START MATERIAL FOR THIS EXERCISE

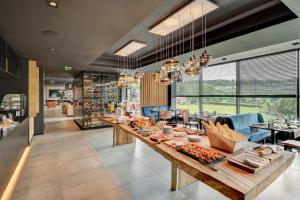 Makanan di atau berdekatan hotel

END MATERIAL FOR THIS EXERCISE
START MATERIAL FOR THIS EXERCISE

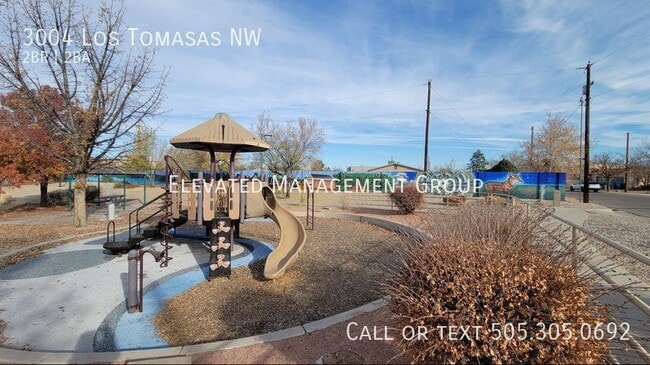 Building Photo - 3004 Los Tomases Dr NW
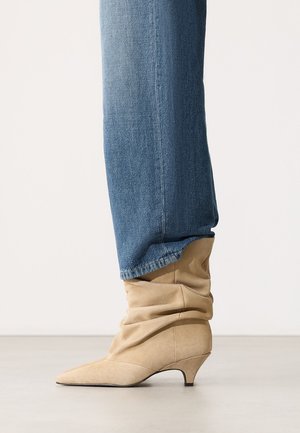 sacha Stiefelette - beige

END MATERIAL FOR THIS EXERCISE
START MATERIAL FOR THIS EXERCISE

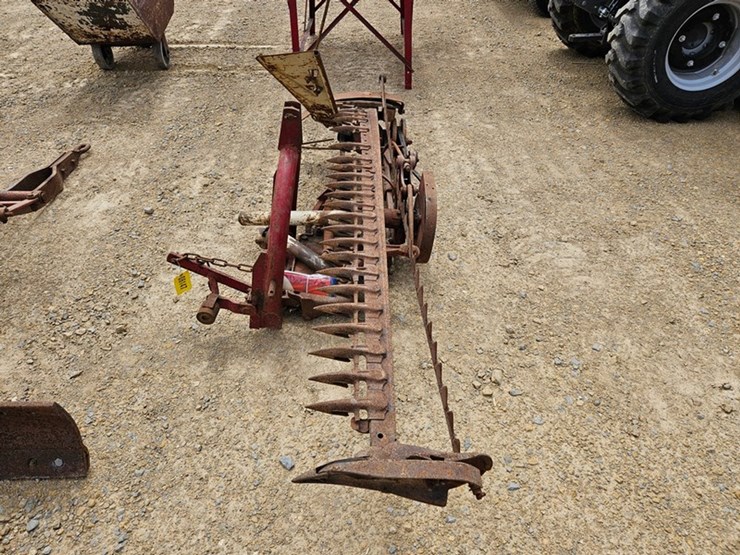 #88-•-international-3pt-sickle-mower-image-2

END MATERIAL FOR THIS EXERCISE

**DESCRIPTION OF THE TASK**
From the material above, reproduce only what runs from the line holding "Building Photo - 3004 Los Tomases Dr NW" down to the line holding "sacha Stiefelette - beige", both included, pictures excluded.

**SOLUTION**
 Building Photo - 3004 Los Tomases Dr NW
 sacha Stiefelette - beige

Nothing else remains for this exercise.